Вновь начинается дождь, успокаивающий, кроткий. Они засыпают не став ближе. Есть веская причина посочувствовать. Роли, которые они предназначили себе и друг другу, сыграть нельзя. Их единственный багаж состоит из ледяных замечаний, чувства греховности, вины перед близкими людьми. И, быть может, самого страшного: вины перед униженным Господом. Против всего этого у них оружия нет — они беззащитны.
Они спят, идет дождь. За окном — а поэтому и в комнате — темнеет. Он просыпается, тянется к ней, а она, обнимая его за талию, притворяется спящей. Открывает губы для поцелуя, но поцелуя не последовало, его голова тяжело опускается на подушку, он прерывисто дышит. Она лежит неподвижно, не тревожит его, сказать им нечего, потому что у них нет слов — это будет потом: сверкающие слова из романов, ибо все это обязательно должно быть великим и уникально-сверхъестественным. Она, возможно, думает, что ей следовало бы столкнуть с себя тяжелое горячее тело, которое вдавливает ее в мягкую постель, — следовало бы помыться. Но она не в силах побеспокоить его, разбудить. Она не шевелится, дышит едва слышно, по-прежнему обнимая его.
Тумас спит, как ребенок, — глубоко и беззвучно, рот открыт, от него пахнет сном и катаром желудка. Анну же бросает то в жар, то в холод, ей надо помочиться, между ног течет липкая жидкость, а от запаха спермы у нее к горлу подкатывает тошнота. Но она не осмеливается пошевелиться — не сейчас. Она заставляет себя продлить мгновение, защищаясь от ржавого ножа разочарования.
Добавить нечего, кроме разве что дождя на рассвете, тишины (даже птицы молчат), запаха чужой комнаты.
— Тумас!
— Да.
— Мне надо встать.
— Конечно.
— Подвинься чуточку.
Она садится, двумя руками откидывает всклокоченные волосы, лоб горит, щеки горят, но ей холодно. Тумас глубоко дышит.
— Я, пожалуй, еще посплю.
На это ответить нечего. Анна касается лица и плеча спящего. Потом встает и открывает дверь в выстуженную туалетную комнату министерши.

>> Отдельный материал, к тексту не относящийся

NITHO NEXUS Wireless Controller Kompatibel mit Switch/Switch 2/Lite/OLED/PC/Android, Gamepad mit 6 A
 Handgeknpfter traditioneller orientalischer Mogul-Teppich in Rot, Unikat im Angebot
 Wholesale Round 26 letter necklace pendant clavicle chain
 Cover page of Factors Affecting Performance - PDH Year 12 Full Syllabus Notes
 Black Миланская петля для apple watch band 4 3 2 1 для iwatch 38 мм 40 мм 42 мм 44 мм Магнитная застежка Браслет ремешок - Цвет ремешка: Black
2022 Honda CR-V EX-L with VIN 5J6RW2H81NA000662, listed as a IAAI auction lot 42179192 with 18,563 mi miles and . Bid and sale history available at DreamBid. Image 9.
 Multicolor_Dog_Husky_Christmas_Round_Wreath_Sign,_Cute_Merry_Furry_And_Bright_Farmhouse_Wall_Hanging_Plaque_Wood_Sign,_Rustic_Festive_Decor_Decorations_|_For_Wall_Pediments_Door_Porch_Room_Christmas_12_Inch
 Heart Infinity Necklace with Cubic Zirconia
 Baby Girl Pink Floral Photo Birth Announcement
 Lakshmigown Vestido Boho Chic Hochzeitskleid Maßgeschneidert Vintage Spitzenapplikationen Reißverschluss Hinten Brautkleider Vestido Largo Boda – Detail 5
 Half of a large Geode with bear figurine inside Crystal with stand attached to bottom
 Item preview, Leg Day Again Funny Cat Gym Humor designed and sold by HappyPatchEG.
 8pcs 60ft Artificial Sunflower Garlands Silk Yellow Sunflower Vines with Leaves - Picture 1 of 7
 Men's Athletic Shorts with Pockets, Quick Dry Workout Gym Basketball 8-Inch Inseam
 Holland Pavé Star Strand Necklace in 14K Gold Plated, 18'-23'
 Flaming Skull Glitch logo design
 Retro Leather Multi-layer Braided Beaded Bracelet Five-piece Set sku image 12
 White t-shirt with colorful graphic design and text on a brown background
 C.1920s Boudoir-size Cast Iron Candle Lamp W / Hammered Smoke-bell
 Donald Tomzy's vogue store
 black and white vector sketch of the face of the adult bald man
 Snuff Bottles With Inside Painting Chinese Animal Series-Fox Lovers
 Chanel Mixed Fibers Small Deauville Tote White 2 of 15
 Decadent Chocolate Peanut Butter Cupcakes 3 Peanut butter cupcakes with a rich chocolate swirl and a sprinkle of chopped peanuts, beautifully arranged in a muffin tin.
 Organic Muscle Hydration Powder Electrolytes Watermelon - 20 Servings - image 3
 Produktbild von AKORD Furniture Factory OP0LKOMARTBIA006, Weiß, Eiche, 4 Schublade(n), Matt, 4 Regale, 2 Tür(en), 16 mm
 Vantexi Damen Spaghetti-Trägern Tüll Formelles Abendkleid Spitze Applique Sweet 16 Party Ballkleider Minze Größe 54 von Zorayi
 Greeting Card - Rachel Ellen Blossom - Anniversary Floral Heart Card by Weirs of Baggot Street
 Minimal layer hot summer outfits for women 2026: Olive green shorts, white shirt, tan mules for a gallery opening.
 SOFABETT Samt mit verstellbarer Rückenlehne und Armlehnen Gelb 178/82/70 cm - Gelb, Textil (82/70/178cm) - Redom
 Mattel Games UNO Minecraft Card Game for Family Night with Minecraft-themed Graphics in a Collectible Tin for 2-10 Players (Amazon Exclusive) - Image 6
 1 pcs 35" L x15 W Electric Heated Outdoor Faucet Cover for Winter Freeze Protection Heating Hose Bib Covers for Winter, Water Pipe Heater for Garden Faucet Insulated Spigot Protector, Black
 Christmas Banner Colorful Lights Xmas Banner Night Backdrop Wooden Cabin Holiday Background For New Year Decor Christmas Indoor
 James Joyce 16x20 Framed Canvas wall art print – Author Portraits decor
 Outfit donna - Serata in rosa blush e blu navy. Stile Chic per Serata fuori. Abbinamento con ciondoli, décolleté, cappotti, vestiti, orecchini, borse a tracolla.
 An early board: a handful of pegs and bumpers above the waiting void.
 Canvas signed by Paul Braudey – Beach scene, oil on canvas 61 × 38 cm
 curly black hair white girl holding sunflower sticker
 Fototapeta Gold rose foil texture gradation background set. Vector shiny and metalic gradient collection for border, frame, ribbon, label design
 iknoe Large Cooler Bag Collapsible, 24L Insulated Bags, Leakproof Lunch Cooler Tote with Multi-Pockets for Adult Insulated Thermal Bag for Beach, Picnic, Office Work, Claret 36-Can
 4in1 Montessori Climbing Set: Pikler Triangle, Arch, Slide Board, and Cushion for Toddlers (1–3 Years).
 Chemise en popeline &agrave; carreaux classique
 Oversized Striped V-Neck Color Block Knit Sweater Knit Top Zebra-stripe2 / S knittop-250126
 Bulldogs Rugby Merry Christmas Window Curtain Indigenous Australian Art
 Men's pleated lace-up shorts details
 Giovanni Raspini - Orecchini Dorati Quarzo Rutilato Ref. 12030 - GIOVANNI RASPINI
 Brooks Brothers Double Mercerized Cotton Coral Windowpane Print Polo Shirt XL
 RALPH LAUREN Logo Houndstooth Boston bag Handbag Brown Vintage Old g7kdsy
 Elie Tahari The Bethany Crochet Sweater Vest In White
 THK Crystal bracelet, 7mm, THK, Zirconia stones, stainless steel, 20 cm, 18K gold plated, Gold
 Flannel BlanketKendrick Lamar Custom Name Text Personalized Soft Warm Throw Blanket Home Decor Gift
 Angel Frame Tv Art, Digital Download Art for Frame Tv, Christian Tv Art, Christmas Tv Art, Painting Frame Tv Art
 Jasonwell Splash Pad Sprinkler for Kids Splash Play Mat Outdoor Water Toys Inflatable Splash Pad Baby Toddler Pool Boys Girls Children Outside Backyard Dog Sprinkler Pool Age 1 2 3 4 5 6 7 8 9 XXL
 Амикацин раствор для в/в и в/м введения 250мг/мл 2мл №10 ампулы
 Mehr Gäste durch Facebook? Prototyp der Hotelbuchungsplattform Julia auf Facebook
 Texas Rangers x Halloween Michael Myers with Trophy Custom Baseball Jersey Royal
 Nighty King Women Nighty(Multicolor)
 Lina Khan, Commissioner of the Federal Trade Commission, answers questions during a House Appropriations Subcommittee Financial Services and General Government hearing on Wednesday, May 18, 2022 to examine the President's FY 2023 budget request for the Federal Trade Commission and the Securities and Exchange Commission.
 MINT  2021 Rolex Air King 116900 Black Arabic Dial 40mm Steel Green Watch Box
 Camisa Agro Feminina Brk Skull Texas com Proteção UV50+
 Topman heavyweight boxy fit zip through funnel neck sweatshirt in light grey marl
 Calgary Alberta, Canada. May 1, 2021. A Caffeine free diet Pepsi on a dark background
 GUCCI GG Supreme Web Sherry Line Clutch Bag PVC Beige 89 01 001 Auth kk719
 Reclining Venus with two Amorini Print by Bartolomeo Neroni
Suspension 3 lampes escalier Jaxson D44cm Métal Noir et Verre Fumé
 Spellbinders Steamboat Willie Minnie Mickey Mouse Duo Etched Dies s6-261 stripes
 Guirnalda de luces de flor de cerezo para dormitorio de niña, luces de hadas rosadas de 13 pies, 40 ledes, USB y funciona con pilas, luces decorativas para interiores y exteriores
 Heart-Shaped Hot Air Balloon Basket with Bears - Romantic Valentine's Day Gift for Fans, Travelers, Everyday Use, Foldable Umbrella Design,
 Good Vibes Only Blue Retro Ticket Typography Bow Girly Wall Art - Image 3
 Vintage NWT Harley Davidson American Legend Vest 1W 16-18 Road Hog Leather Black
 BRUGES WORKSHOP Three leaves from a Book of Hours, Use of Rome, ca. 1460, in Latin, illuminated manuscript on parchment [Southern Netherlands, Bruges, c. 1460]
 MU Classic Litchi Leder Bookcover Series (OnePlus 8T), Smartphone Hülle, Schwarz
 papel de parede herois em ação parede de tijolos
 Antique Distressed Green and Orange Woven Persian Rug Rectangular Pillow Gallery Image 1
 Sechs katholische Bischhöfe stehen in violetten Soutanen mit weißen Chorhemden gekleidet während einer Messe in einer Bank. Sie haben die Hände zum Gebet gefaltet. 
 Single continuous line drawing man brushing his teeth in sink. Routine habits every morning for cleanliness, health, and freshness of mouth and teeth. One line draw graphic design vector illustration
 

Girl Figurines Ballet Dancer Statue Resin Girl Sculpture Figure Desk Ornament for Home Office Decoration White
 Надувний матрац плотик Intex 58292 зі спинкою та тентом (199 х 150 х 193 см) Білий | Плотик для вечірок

Когда она, более или менее приведя себя в порядок, возвращается в кровать, Тумаса там нет. Она сворачивается под тяжелой периной, да, чувствует она себя неважно, от живота к голове поднимается волна лихорадки. Анна лязгает зубами — «наверное, у меня температура».
Она закрывает глаза, но тут же снова их открывает — очевидно, она заснула. Тумас сидит на стуле возле двери совершенно одетый. Лицо белое как полотно, в глазах слезы.
— Я уезжаю. Пароход на Ондальснес уходит через два часа, в семь, по воскресеньям он отходит на час позже. Я прогуляюсь до гавани, это недалеко. Внизу в прихожей я нашел расписание с указанием отплытия и прибытия пароходов. «Оттерэй» по воскресеньям отходит в семь утра, часом позже, чем по будням. Потом я прямо пересяду на поезд. Он уходит в пять вечера. Это пассажирский поезд — останавливается на всех станциях. В Осло я буду не раньше утра понедельника. А там много вариантов, но я смогу быть в Стокгольме уже в семь вечера в понедельник и в девять — самое позднее — в Уппсале. Анна сидит в кровати, подобрав под себя колени, от нее пышет жаром, поэтому она сбросила перину и укуталась в просторную ночную рубаху. Глаза закрыты, щеки пылают.
— Не уезжай.
— Надо быть честным.
У нее перехватывает дыхание, глаза устремлены на него:
— Что ты имеешь в виду?
— То, что я сказал, — говорит Тумас, — я должен быть честным. К моему ужасу, я вижу, что не был честным.
— В чем проявлялась твоя нечестность? — спрашивает Анна, почти потеряв голос.
— Я должен был бы осознать свою ущербность. Должен был бы сказать тебе, что вся эта поездка — ошибка. Может, не для тебя, а для меня. Находиться в бегах мне не по силам. Я слишком серый.